▶ [Information provided]
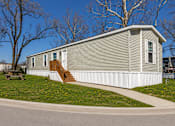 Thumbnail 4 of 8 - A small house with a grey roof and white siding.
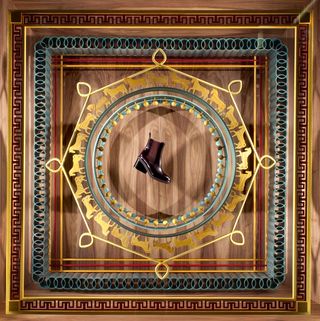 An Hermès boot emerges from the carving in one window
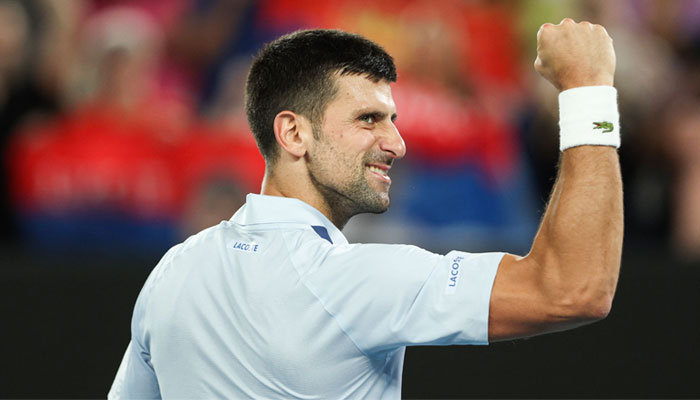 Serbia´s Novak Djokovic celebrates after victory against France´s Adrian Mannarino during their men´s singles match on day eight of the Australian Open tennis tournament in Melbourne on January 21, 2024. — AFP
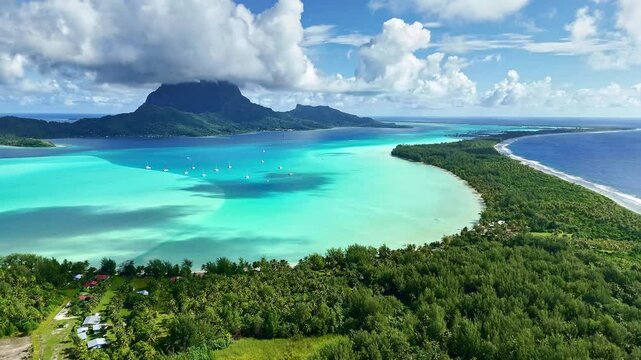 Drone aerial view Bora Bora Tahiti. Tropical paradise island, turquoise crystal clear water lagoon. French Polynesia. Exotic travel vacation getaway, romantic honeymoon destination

▶ [Brief]
Return the whole of the material above exactly, with no picture carried over.

▶ [Written solution]
 Thumbnail 4 of 8 - A small house with a grey roof and white siding.
 An Hermès boot emerges from the carving in one window
 Serbia´s Novak Djokovic celebrates after victory against France´s Adrian Mannarino during their men´s singles match on day eight of the Australian Open tennis tournament in Melbourne on January 21, 2024. — AFP
 Drone aerial view Bora Bora Tahiti. Tropical paradise island, turquoise crystal clear water lagoon. French Polynesia. Exotic travel vacation getaway, romantic honeymoon destination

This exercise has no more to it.